SS James B. Stephens
American Liberty Ship SS John W Brown; extensively restored museum ship, identical in original design to the SS James B. Stephens
|Name:||SS James B. Stephens|
|Operator:||United States Lines, New York|
|Builder:||Oregon Shipbuilding Corporation, Portland, Oregon|
|Laid down:||11 September 1942|
|Launched:||11 October 1942|
|Fate:||sunk on 8 March 1943|
|Length:||422.8 ft (128.9 m)|
|Beam:||57 ft (17 m)|
|Draught:||8 ft (2.4 m)|
|Propulsion:||Two oil-fired boilers,
triple-expansion steam engine,
single screw, 2500 horsepower (1.9 MW)
|Speed:||11 to 11.5 knots (20 to 21 km/h)|
|Capacity:||9,140 tons cargo|
The SS James B. Stephens was a 7,176 ton American liberty ship in World War II. She was built by the Oregon Shipbuilding Corporation of Portland, Oregon in 1942 with the hull number 580, and operated by United States Lines, New York and homeported in Portland. For her role of sailing in dangerous waters, she was armed with one 5in, one 3in and four 20mm guns.

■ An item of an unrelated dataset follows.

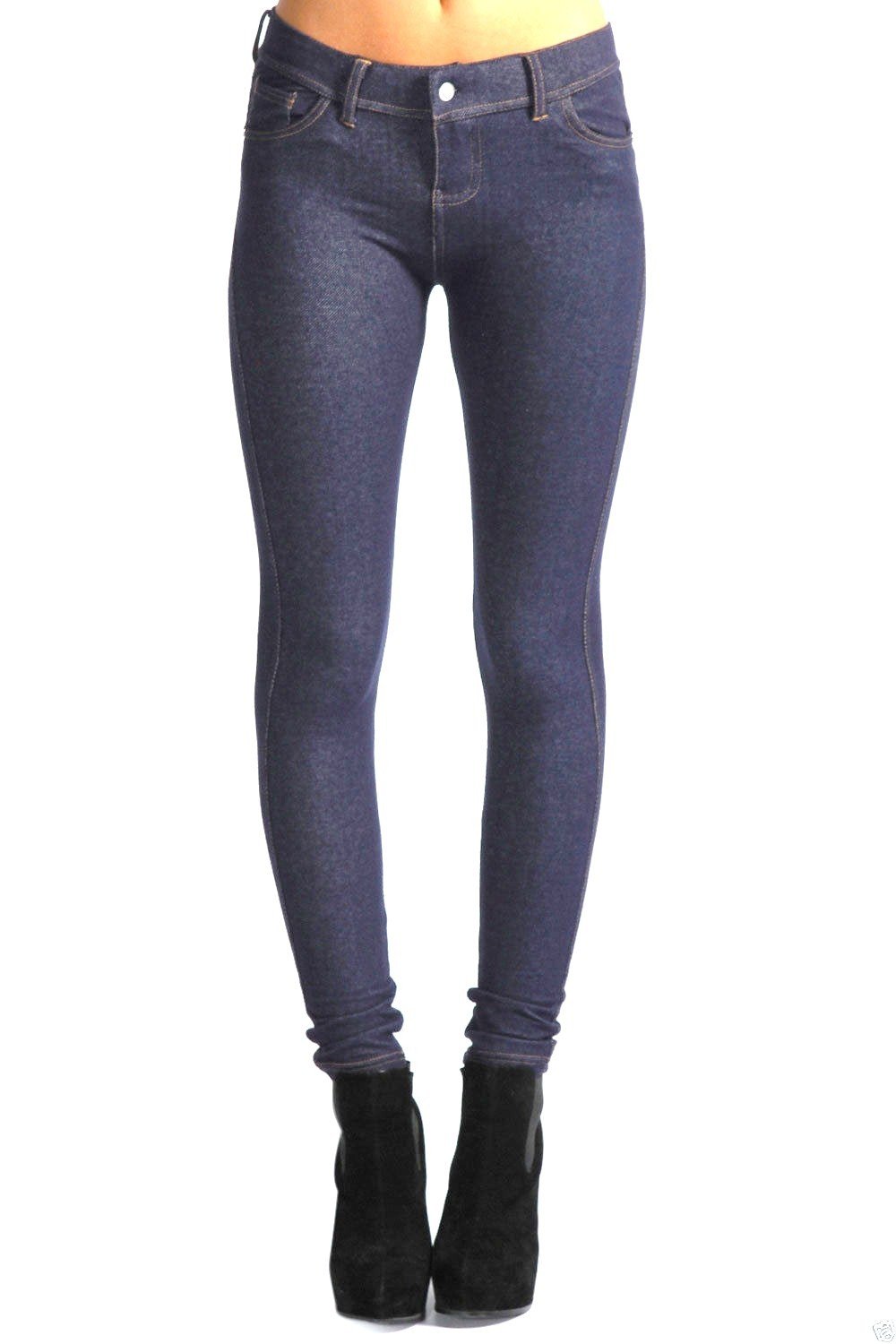 FASHION INSTYLE Skinny Womens Jeans Stretchy Jeggings Ladies New Fit Coloured Trousers (18, Navy)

She was named for the founder of East Portland.
She spent barely half a year in service, transporting goods for the Allies, from Port Said to the United States, via Suez and Durban. On her last sailing, in early 1943, she was carrying 1086 tons of bottles, medicine, propellers and personal effects. She was at Suez on 18 February, departing there for Durban. At just after 8 o'clock in the evening on 8 March James B. Stephens was travelling unescorted when she was spotted and torpedoed by U-160 commanded by Georg Lassen about 150 miles (240 km) northeast of Durban. Her Master, John Edward Green Jr., had been steaming a nonevasive course at a speed of 11.5 knots (21.3 km/h).
One torpedo struck on the port side of the James B. Stephens, impacting between the #2 and #3 hatches. The explosion ignited the fuel oil stored in the double bottoms and she began to rapidly sink by the bow. A second torpedo struck her ten minutes later which again hit her on the port side, this time by the #4 hatch, and this time broke the ship in two. Both sections remained afloat, but the ship was ablaze until the following morning. The eight officers, 35 crewmen and 20 members of the US Navy Armed Guards began to abandon ship after the first torpedo hit, striking out from the ship in four lifeboats and three rafts. The explosion of the second torpedo overturned the motor lifeboat and also blew three men from another boat into the water. The other lifeboats were able to pick up all of the men in the water, with the exception of one of the Armed Guards, Vane Irvin Vanderpool, who was not wearing a life jacket and could not swim, and who drowned before he could be rescued. On 11 March, an aircraft spotted one of the boats and directed the ASW naval trawler HMS Norwich City to it. 19 survivors were picked up by the trawler and transported to Durban. 30 survivors were later picked up by the light cruiser HMS Nigeria the next day and taken to Durban. The remaining 13 survivors were rescued six days after the attack by a SAAF crash boat one mile (1.6 km) off Durban, after they were spotted by another aircraft.
An Allied warship sank the stern section of the James B. Stephens with gunfire, and a British warship attempted to take the fore section in tow to Durban, but it sank whilst under tow in heavy seas. Of a total complement of 63, 62 had been rescued and only one was lost. The Boatswain, Edward F. Racine, was later awarded the Distinguished Service Medal for righting the overturned motor lifeboat, rescuing several other men from the water, and then helping to keep morale up whilst awaiting rescue.